How to complete this task
Each entry is to be given again exactly; drop the images.

(Short descriptive text snippets)
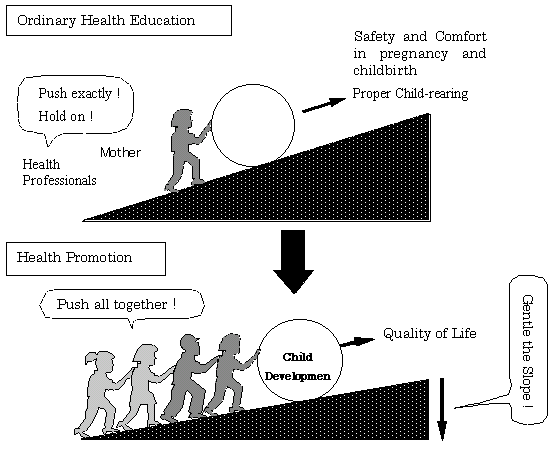 Ordinary Health Education and Health Promotion in Maternal & Child Health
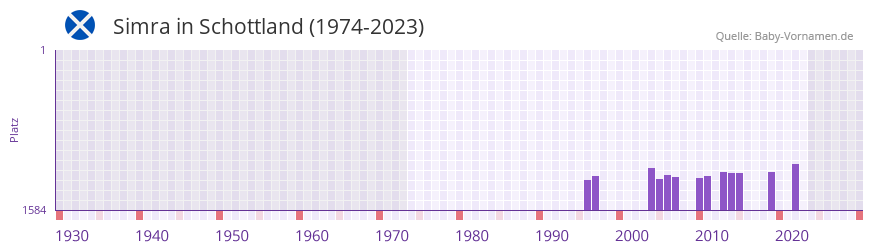 Simra in der Vornamen-Hitliste von Schottland (1974-2023)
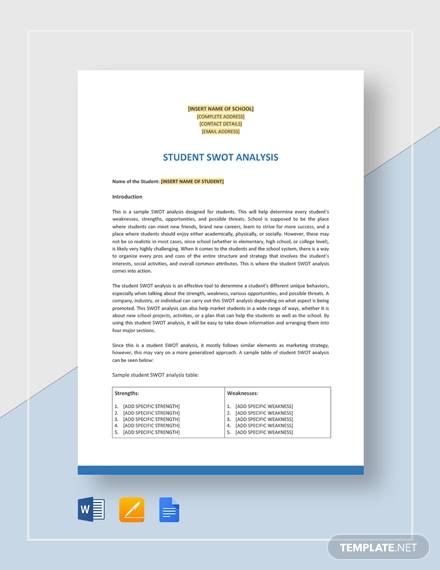 student swot analysis template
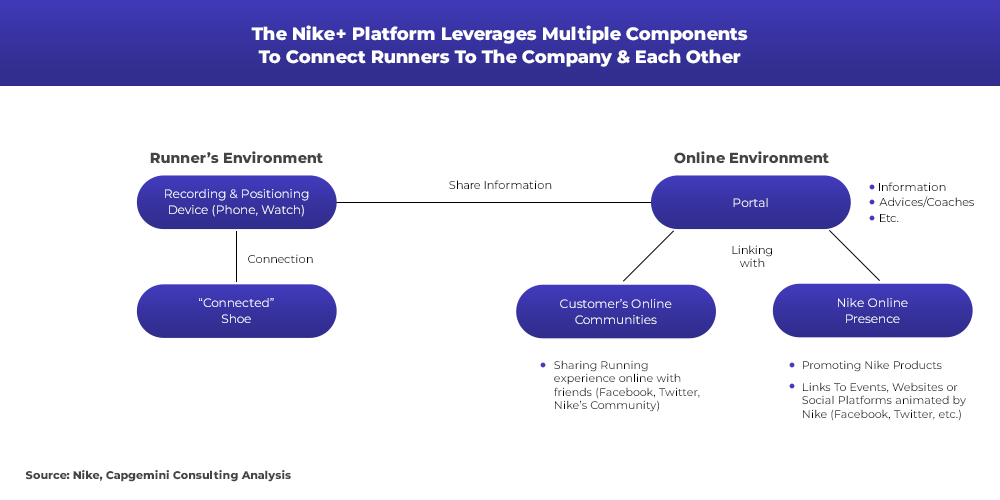 nike omnichannel case study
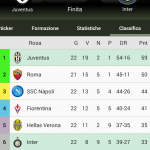 Screenshot 2014 02 03 18 56 09 150x150 Soccer Scores Fotmob: la migliore app calcistica per Android applicazioni play store google play store Screenshot 2014 02 03 18 56 09 150x150 Soccer Scores Fotmob: la migliore app calcistica per Android applicazioni play store google play store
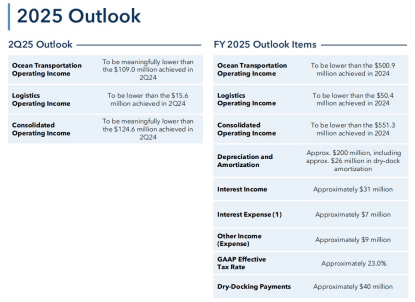 韩航运订单持续大幅减少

Solution to the exercise
 Ordinary Health Education and Health Promotion in Maternal & Child Health
 Simra in der Vornamen-Hitliste von Schottland (1974-2023)
 student swot analysis template
 nike omnichannel case study
 Screenshot 2014 02 03 18 56 09 150x150 Soccer Scores Fotmob: la migliore app calcistica per Android applicazioni play store google play store Screenshot 2014 02 03 18 56 09 150x150 Soccer Scores Fotmob: la migliore app calcistica per Android applicazioni play store google play store
 韩航运订单持续大幅减少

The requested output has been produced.